(368b) Particle Filtering with Smoothing for Poor Initial Guess | AIChE

(368b) Particle Filtering with Smoothing for Poor Initial Guess

Authors 

Lang, L. - Presenter, Ohio State University


Particle filtering, also known as Sequential Monte Carlo (SMC), is a powerful simulation method to perform Bayesian inference for state space models. Among many advantages is its straightforward application to the nonlinear non-Gaussian state space models, for which the extended Kalman filter is often found to be unreliable.

However, being a simulation method with a finite particle set as constrained by available computing resources, the practical performance of SMC could be sensitive to the specified prior. Poor initial guess, for example, makes a large proportion of samples drawn out of a possibly trivial region in terms of the underlying distribution. As a result, the generated samples may not recover with time and could differ severely from what would be drawn directly from the analytic posterior, if analytically available at that instant in time.

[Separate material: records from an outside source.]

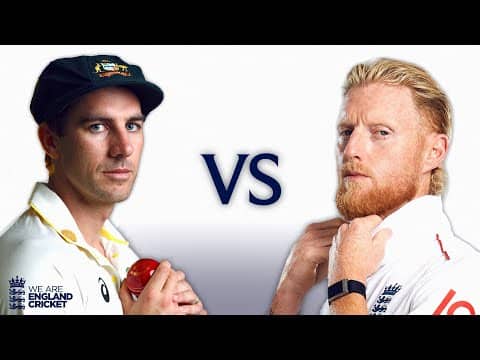 🔥 Generational Rivalries Face Off Once Again | Ashes 2025/26 | 🇦🇺 Australia vs England 🏴󠁧󠁢󠁥󠁮󠁧󠁿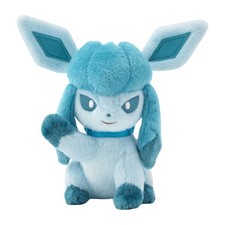 Pokemon Plush doll Eevee Collection Glaceon Japan NEW Pokemon Center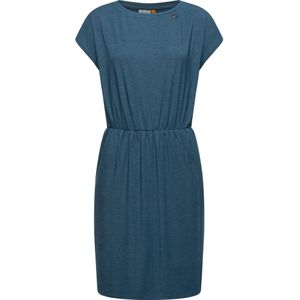 Ragwear Jurk 'Copr'  petrol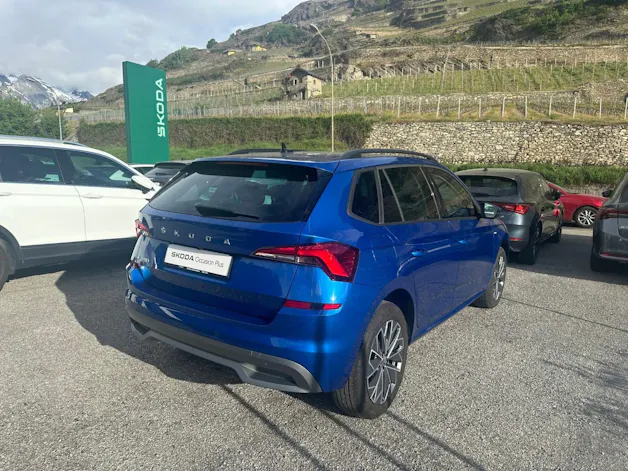Škoda Kamiq 1.0 TSI Tour DSG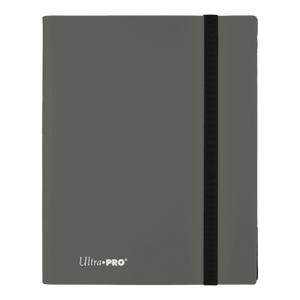 Ultra Pro Trading Card Games Card Album - ECLIPSE Pro-Binder 9 Pocket Smoke Grey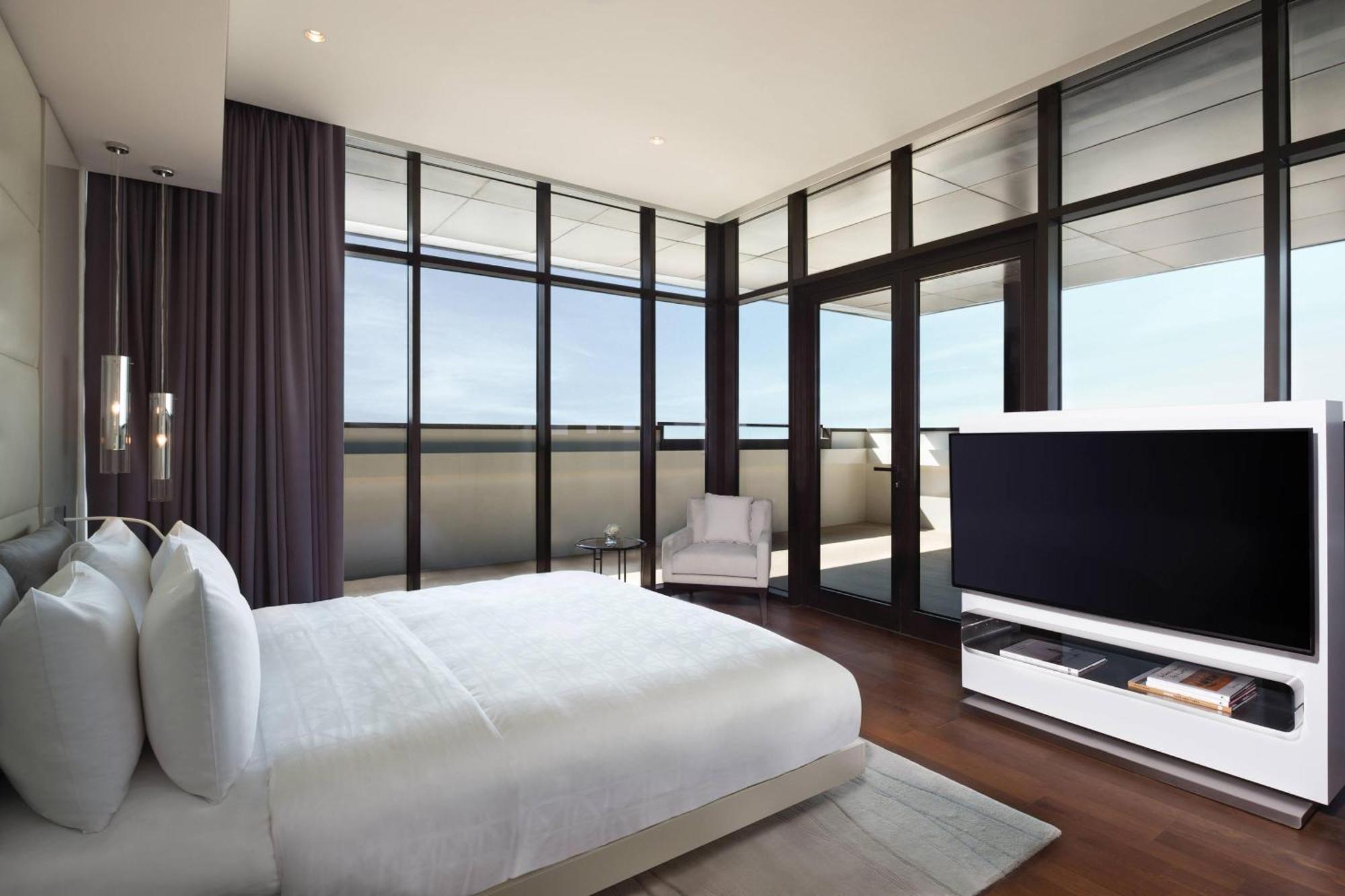 La Ville Hotel & Suites City Walk Dubai, Autograph Collection Экстерьер фото A bedroom at The Ritz-Carlton, Melbourne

A poor initial prior could be well compensated by a few early observations because observations bear more information than the specified prior even with a small data set. Essentially, this is the smoothing estimate for SMC. To this end, we explore the use of smoothing strategies to search for a more suitable prior for reliable future inferences when an appropriate number of system observations are available. Numerical smoothing using Moving Horizon Estimation (MHE) will be discussed and compared to other methods. Specially, the incorporation of MHE smoothing into SMC is among the first efforts to integrate these two powerful tools.